Review / alternative approaches / best practice

This exercise demonstrates how to:

  • Login to JASMIN and access the scientific analysis servers (sci[1-8].jasmin.ac.uk)
  • Run a command-line tool interactively to read data from the CEDA archive
  • Write outputs to a JASMIN Group Workspace

This is a basic workflow suitable for small tasks and setting up your processing.

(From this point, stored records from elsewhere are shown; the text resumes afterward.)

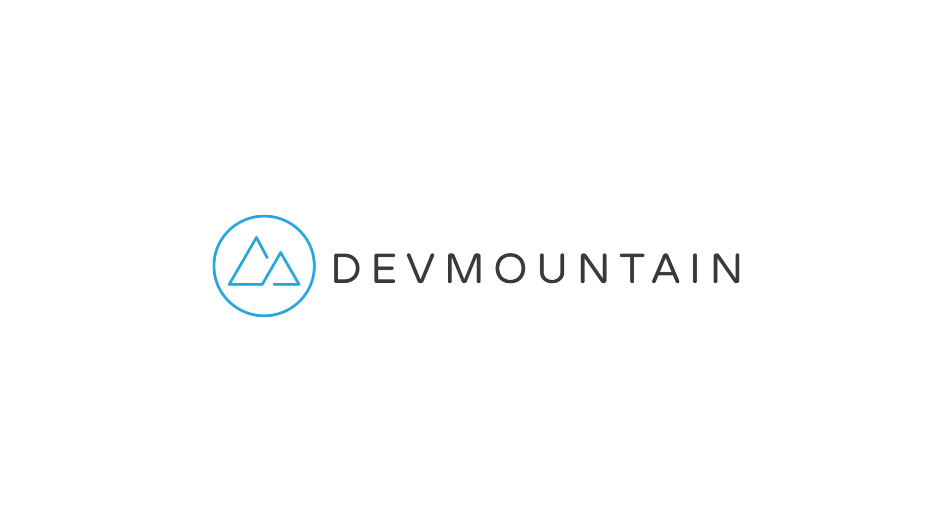This video was sponsored by DevMountain. If any of you are interested in learning UX design, DevMountain is a 12 week design bootcamp intended to get you a full time job in the industry. You can learn more about this at devmountain.com or by clicking the link in the video description.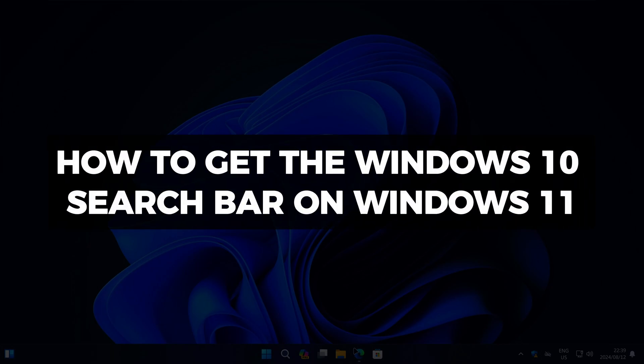Hi there, and welcome to Techlight and Me. In this video I want to show you how to get the Windows 10 search bar on Windows 11.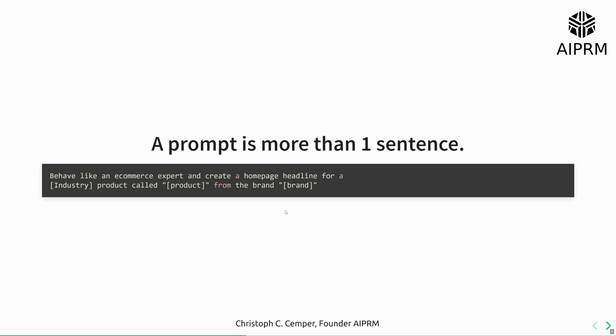You may see on LinkedIn or Twitter or your favorite social media network someone pushing his experience in AI and how sentences like 'behave like an e-commerce expert and create a homepage headline' are pushed as prompts. Technically you can use one little sentence like that with a large language model.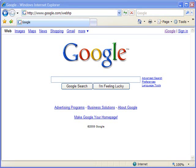Hello and welcome to ShowMeAcademy.com. In this tutorial, we will show you how to restore the menu bar in Microsoft Internet Explorer 7.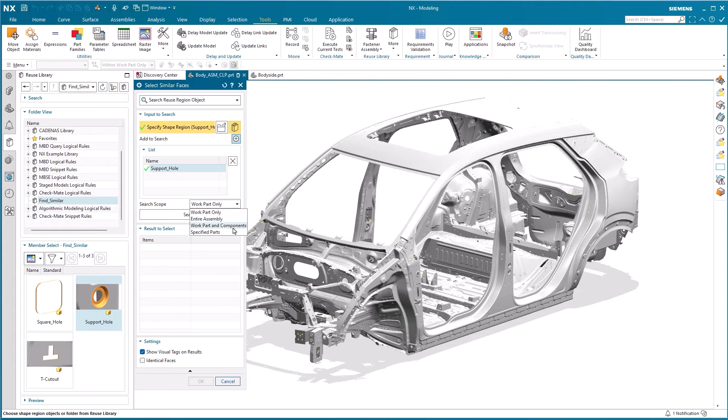In the work part and components. And finally, the one I really find useful, in specified parts, as this narrows down the input and focuses only on the parts of interest, while reducing the time it takes to execute the search.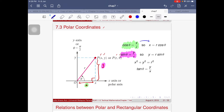Rearranging, we get x = r·cosθ and y = r·sinθ. So r is the distance from the origin to the point, and θ is the angle of the point from the origin — measured from zero degrees or zero radians along the positive x-axis.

When the amount of processing increases then it makes good sense to move on to using the LOTUS batch cluster.

Alternative approaches could include:

  • Use the CEDA OpenDap server to extract the variable.
  • Use other tools to run the extraction.
  • Run as a batch job on LOTUS

Best practice considerations:

  • Have any files been accidentally left on the system? (E.g. in /tmp/)

Cheat Sheet

  1. Your starting point is on a JASMIN login server (see exercise 01)

  2. SSH to a scientific analysis server

$ ssh sci5.jasmin.ac.uk # Could use sci[1-8].jasmin.ac.uk
  1. Identify path to the required data file
  • ERA-Interim surface analyses live under:
/badc/ecmwf-era-interim/data/gg/as/
  • Sub-directories under that are: YYYY/MM/DD/, locate file for 1st January 2017 at midnight (00:00).
  • Set the input file:
$ INPUT_FILE=/badc/ecmwf-era-interim/data/gg/as/2017/01/01/ggas201701010000.nc
  1. Decide on the output file path:
$ OUTPUT_FILE=/gws/pw/j07/workshop/users/$USER/ex04/output.nc
$ mkdir -p /gws/pw/j07/workshop/users/$USER/ex04
  1. Activate the environment containing the CDO tool
$ module load jaspy
  1. Run the CDO tool to subset the file and extract the TCC variable
$ cdo selname,TCC $INPUT_FILE $OUTPUT_FILE
  1. Quick-check the contents of the output file with ncdump tool
$ ncdump -h $OUTPUT_FILE

netcdf output {
dimensions:
        longitude = 512 ;
        latitude = 256 ;
        surface = 1 ;
        t = UNLIMITED ; // (1 currently)
variables:
        float TCC(t, surface, latitude, longitude) ;
                TCC:standard_name = "cloud_area_fraction" ;
                TCC:long_name = "Total cloud cover" ;

Answers to questions

  1. Where can you find out more about the software environments available on JASMIN?

The JASMIN Help pages include an article about software on JASMIN. This includes links to details of the "jaspy" and other software environments.

  1. Can you find out which other packages are available within the "jaspy" environment?

The "jaspy" environments are listed on our jaspy Help page. You can follow links from there to find out about the different "jaspy" environments and the packages, and versions, they include.